Task prompt
All that is needed is the line containing "ONLY Onlalthea Gequilte Jas Dames Zwart L" and the lines after it to the end of the material, written out exactly, pictures left aside.

Data excerpt
..............................

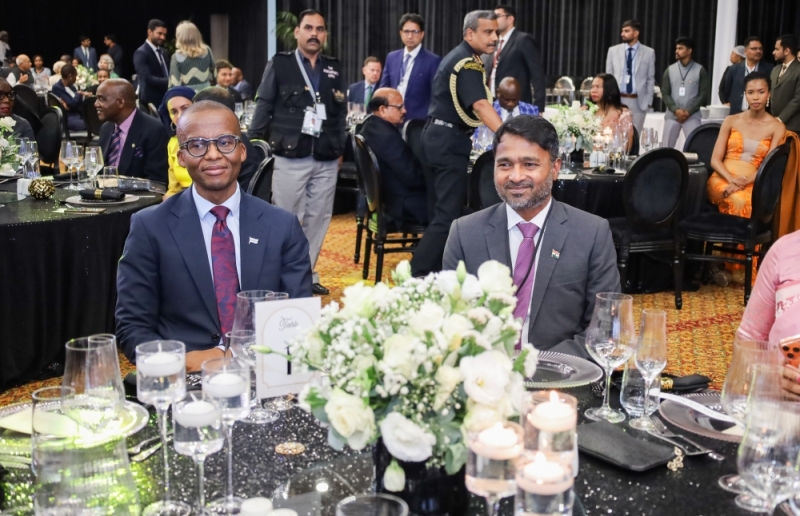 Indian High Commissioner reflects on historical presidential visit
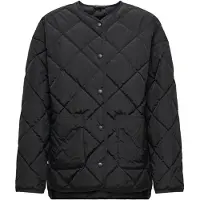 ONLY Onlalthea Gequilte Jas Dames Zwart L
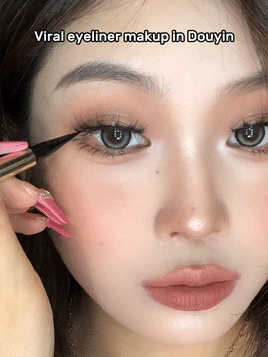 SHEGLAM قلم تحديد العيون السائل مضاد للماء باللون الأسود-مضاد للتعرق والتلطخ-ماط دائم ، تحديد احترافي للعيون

..............................

Answer for this exercise
 ONLY Onlalthea Gequilte Jas Dames Zwart L
 SHEGLAM قلم تحديد العيون السائل مضاد للماء باللون الأسود-مضاد للتعرق والتلطخ-ماط دائم ، تحديد احترافي للعيون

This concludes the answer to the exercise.